Baking Chiffon Cakes!
1. Stimulate student interest with a bulletin board showing pictures of decorated
chiffon cakes.
2. For a "homework" assignment, ask the students to look through magazines and cut out pictures of decorated cakes to add to the bulletin board.
3. Emphasize important ingredients and procedures in preparing a chiffon cake. Cake flour, milled from soft winter wheat, has the smallest amounts of protein and gluten, which produces the lightest, most tender cakes. The double action of Clabber Girl refers to the release of some carbon dioxide during mixing and the remainder during baking. This results in Clabber Girl Baking Powder producing a balanced, uniform rise in the oven and a light-textured product. The large quantity of eggs also contributes to the lightness of a chiffon cake.
4. For each class, provide 1st, 2nd, and 3rd place ribbons to be awarded to the kitchen group with the best prepared and decorated cake. Each kitchen is responsible for decorating their cake for a special occasion.
5. Provide each student with a copy of this sheet.
This lesson plan refers
to the recipe for:
Coconut Chiffon Cake.
A light, high, delicate chiffon cake suitable for any occasion.
Ingredients:
1 cup egg whites (6 to 7)
2 cups sifted cake flour
1-1/3 cups sugar
3 teaspoons Clabber Girl Baking Powder
1/2 teaspoon salt
1/2 cup vegetable oil
6 egg yolks (beaten)
2/3 cup water
2 tablespoons coconut extract
1 teaspoon almond extract
1/2 teaspoon cream of tartar
2/3 cup sweetened, flaked coconut
Mixing Instructions
Allow egg whites to warm to room temperature. Sift cake flour with sugar, Clabber Girl Baking Powder, and salt in a large bowl. Make a well in center. Add oil, egg yolks, water, coconut and almond extracts. Beat just until smooth. Beat egg whites with cream of tartar until stiff, but not dry. Fold yolk mixture and coconut into egg whites just to blend. Pour into an ungreased 10-inch tube pan.
Baking Instructions
Bake in a preheated 325°F oven 50 to 60 minutes or until cake springs back when lightly pressed. Invert cake over neck of bottle; cool completely. Loosen cake from side of pan; remove side and bottom of pan. Decorate as desired. Yield: 12 servings.
STUDENT LEARNING:
1. Look through recipe books for frosting recipes and decorating ideas. Note that coconut may be tinted, gumdrops used for roses, non-toxic leaves painted with chocolate. Decorating icing and decorating tips may be used. Also, frosting may be sculptured.
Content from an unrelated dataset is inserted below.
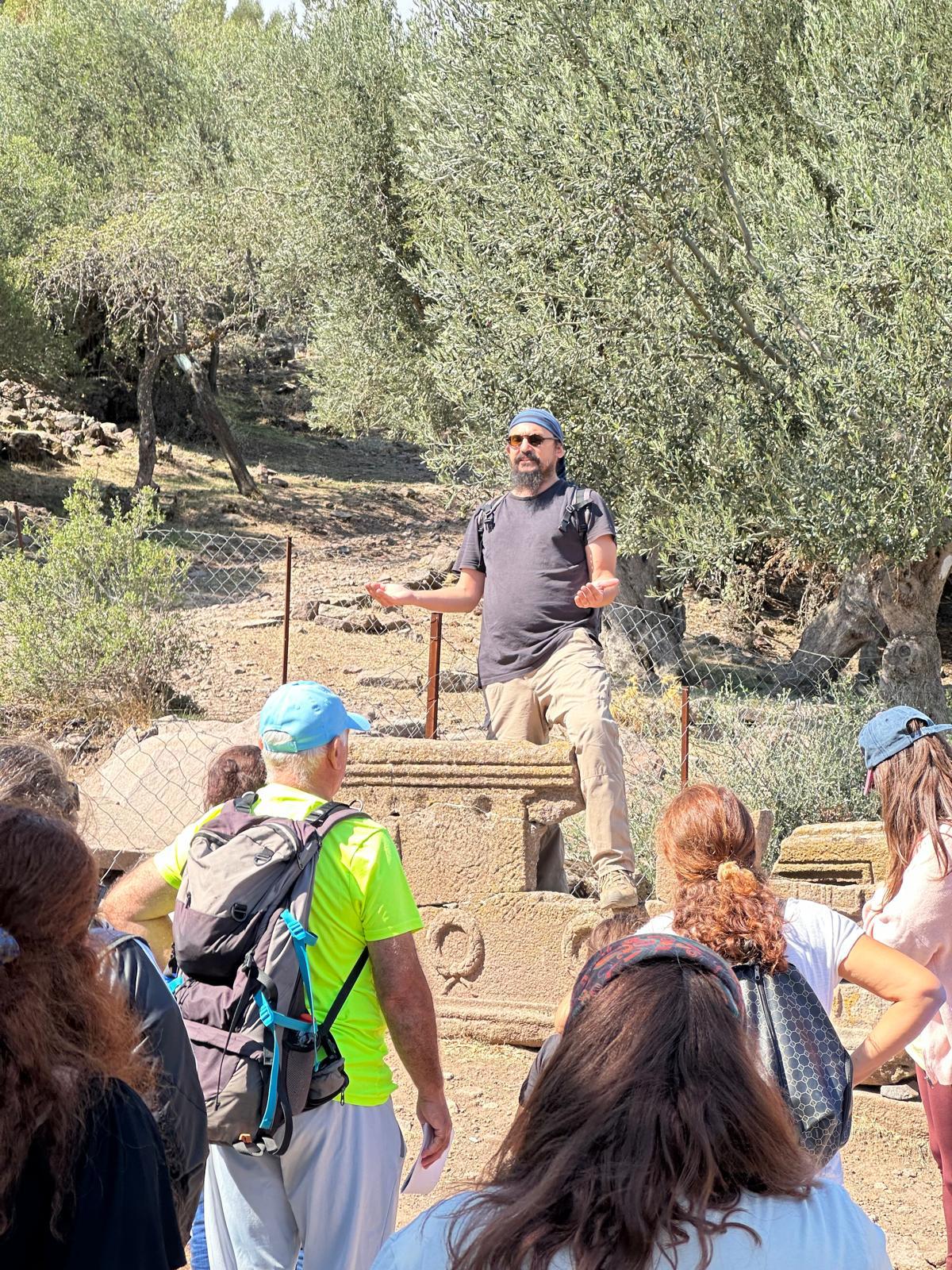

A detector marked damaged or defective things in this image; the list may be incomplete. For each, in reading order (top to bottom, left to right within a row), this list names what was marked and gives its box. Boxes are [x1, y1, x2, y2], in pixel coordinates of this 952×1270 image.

rusty metal fence post [424, 610, 444, 741]
rusty metal fence post [680, 686, 695, 782]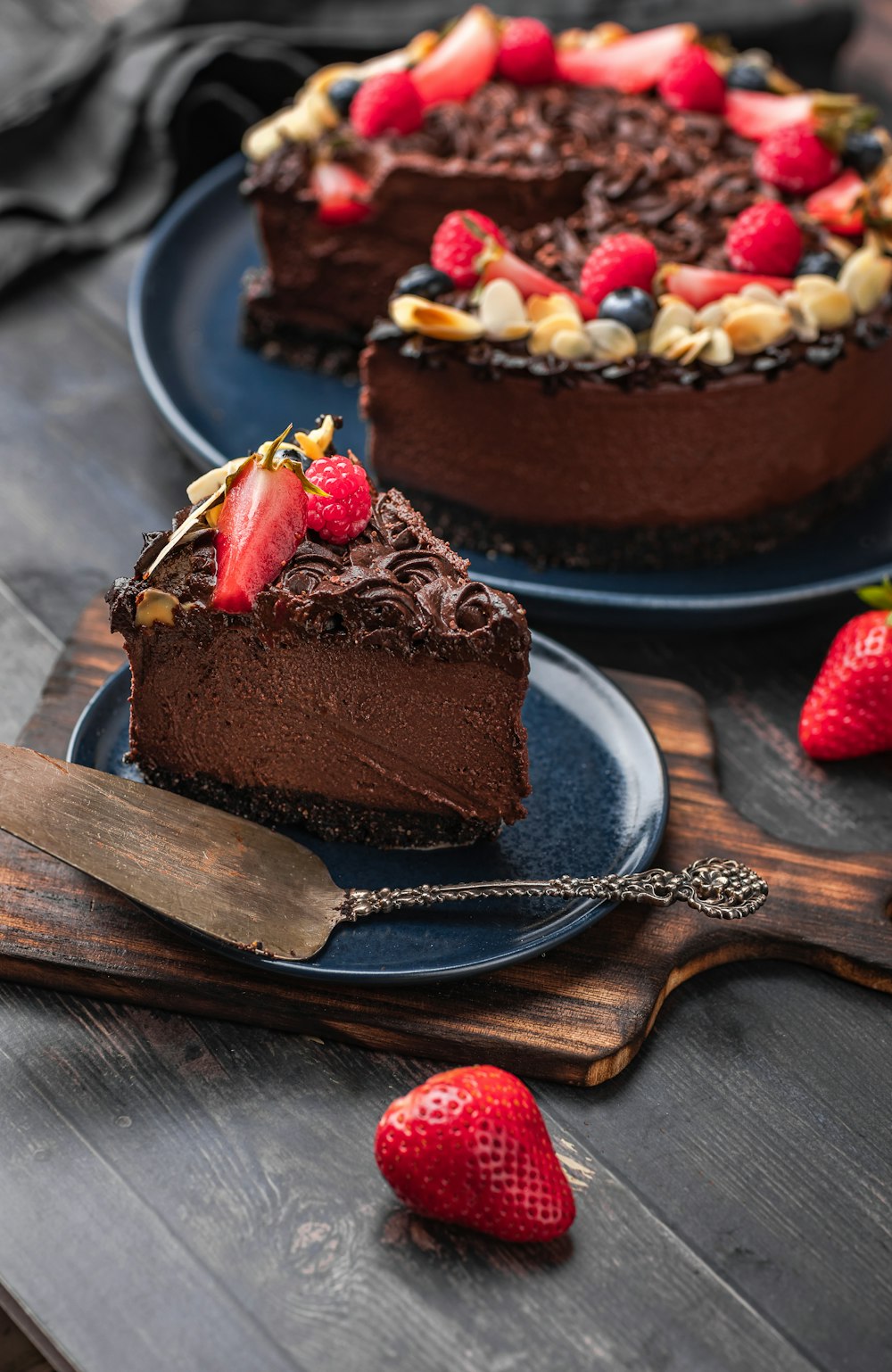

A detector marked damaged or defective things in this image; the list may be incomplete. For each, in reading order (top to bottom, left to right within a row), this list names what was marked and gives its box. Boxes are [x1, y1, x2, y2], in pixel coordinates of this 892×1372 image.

2. Complete plans for decorating the versatile Coconut Chiffon Cake. Make a small sketch of the cake to be approved by the teacher.
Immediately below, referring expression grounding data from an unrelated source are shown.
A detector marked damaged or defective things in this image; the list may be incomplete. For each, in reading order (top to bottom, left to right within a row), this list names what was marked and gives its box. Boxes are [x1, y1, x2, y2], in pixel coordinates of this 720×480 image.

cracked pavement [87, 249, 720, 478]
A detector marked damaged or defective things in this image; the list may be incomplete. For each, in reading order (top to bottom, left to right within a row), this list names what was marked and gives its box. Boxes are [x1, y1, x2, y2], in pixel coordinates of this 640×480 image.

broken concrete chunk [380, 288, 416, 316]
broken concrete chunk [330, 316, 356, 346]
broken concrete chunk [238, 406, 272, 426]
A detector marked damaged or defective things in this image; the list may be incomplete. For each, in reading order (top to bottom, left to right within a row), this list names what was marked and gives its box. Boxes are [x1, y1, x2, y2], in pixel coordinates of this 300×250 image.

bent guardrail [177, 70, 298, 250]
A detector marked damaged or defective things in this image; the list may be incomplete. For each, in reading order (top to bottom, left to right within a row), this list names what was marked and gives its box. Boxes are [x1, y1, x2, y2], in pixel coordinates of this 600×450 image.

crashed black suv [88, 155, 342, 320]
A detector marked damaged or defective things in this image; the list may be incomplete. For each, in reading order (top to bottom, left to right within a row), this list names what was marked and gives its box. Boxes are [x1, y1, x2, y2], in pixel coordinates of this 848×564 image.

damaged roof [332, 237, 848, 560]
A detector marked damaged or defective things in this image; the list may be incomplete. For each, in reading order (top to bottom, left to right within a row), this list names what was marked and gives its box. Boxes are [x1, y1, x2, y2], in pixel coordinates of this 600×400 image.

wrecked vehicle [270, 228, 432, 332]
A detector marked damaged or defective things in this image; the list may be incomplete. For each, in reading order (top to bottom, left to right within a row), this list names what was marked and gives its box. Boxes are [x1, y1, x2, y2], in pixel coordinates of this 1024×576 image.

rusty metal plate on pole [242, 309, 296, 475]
3. Review the directions for making the cake; assemble the ingredients and utensils.
4. Prepare the cake.
5. Arrange the oven rack to the lowest position. If necessary, remove the upper rack. Preheat the oven. Follow the recipe directions to bake and cool the cake. When your cake is completely cool, proceed with decorating plans. Be creative!